Когда вертолёт уселся около дач, впритык почти, Даша выскочила; вернулась же – с древним немощным таксой. Волин следил за ней неотступно. Кронов увидел: дочь тушевалась слишком взволнованно. Разглядели и Сашу, мальчика лет шестнадцати. Он пришёл вместе с Дашей с кроновской дачи и, пробурчав под нос, что уедет «на электричке», быстро ушёл, хромая.

Кронов остался. А вертолёт взлетел.

– Ты учишься? – начал Волин.

– В мае кончаю. – Даша вдавилась щекой в шерсть таксы и подняла взор.

– Что, Дарья Кронова? – выдал тот без улыбки. Взгляд его был застылый.

Сели в Москве на точке для вертолётов. Рядом ждал таун-кар, огромный.

– Эту до дома, – распорядился Волин о Даше.

И понесли его к «скорой помощи».


– Я ему рассказала, пап, о тебе! – трещала дочь, когда Кронов прибыл в Москву. – Я счастлива! Тот день самый-пресамый… – И она смолкла вдруг.

Кронов был благодарен ей за несказанное о «дне», «счастливом», «самом-пресамом» и «наилучшем», что перечёркивал их дни с Дашею как вдвоём, так когда-то втроём, с женой.

Он терял дочь – в общем, последнее, единившее с миром пагуб, вражды, насилия.

2

.

Шёл апрель, безветренный, с пылью улиц, плюс с пылью странного свойства даже на небе, – пепельной взвесью, начавшей падать, точно из космоса.

Были сны, вот такие:

Девственность. Всё кругом бело-девственно, нирваническое блаженство. Белое пело: белое! я белейшее белое! После чёрное, – как огрех либо ласточка, залетевшая не туда, как туча, – выросло в белом, что стушевалось…

Сон ужасал контрастами. Кронов, с силой вцепясь в матрас, сон досматривал. Ибо, пусть сон ужасен, данность ужасней. В детстве он убегал из снов в мир ласки, созданный матерью и отцом, какие мертвы навечно… Кронову было – словно больному, кой не желает из наркотических грёз в реальность, что подступила и подавляет верезгом птиц на улице, лаем где-то собак, визгливой разборкой дворников, автошумом, криком соседа.
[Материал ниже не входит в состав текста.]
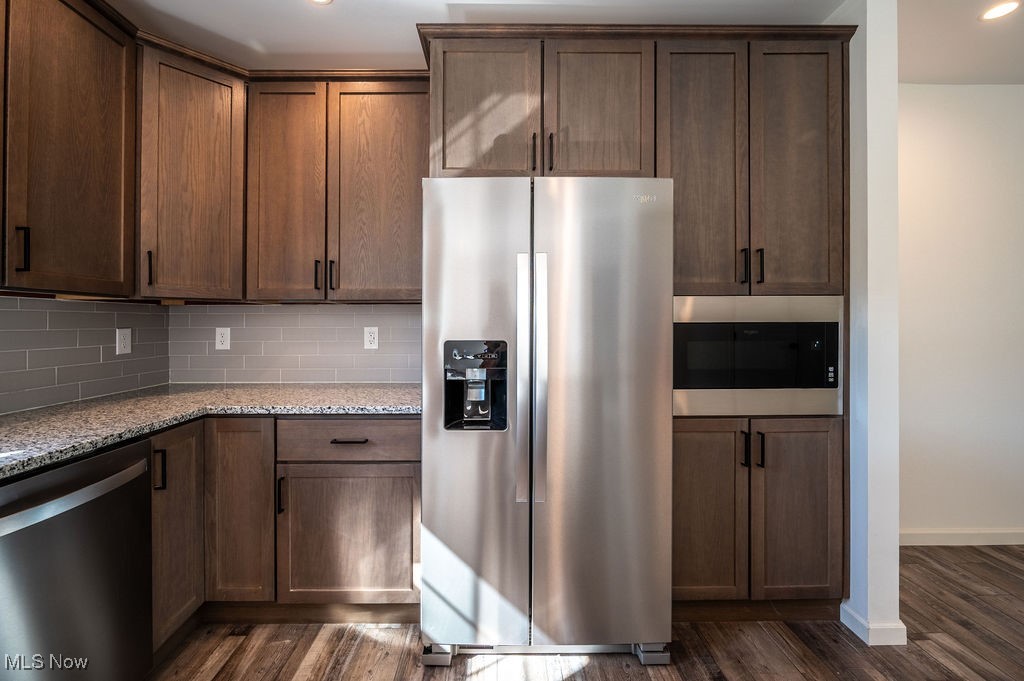 7343 Lost Pavement Road Belleville, WV 26133 - Photo 6 of 49 Kitchen featuring appliances with stainless steel finishes, light stone countertops, dark wood-style flooring, backsplash, and recessed lighting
Стены хоть тóлсты, но окна тонкие, их весной не закроешь наглухо, так что внешнее проницает их. Зимы лучше: он конопатил намертво окна и гам не слышал… В общем и целом, он не хотел проснуться, ибо, проснувшись, вновь канет в мебель шестидесятых, вспомнит родителей, коих нет, жену… И всё-таки он открыл глаза: вон Маргó; здесь, направо, два её фото. Видят друг друга… … Также реальность в том сейчас, что нет денег, а уже май грядёт, Дашин выпуск; надобны платья, или «прикид». Он трудится на двух ставках, но набирает тысячу $ в месяц. Этого мало.

Резко стал взванивать телефон, как в детстве. Он тогда сходно слушал звонки и знал: мать скажет, что вызывают срочно в больницу, надо бежать… уйдёт и вернётся с тортом. Ну, а отец, родивший его за сорок, так как на фронте был арестован и просидел лет восемь, вдруг улыбнётся и приласкает… Кронов, взяв трубку, бросил: – Здравствуйте.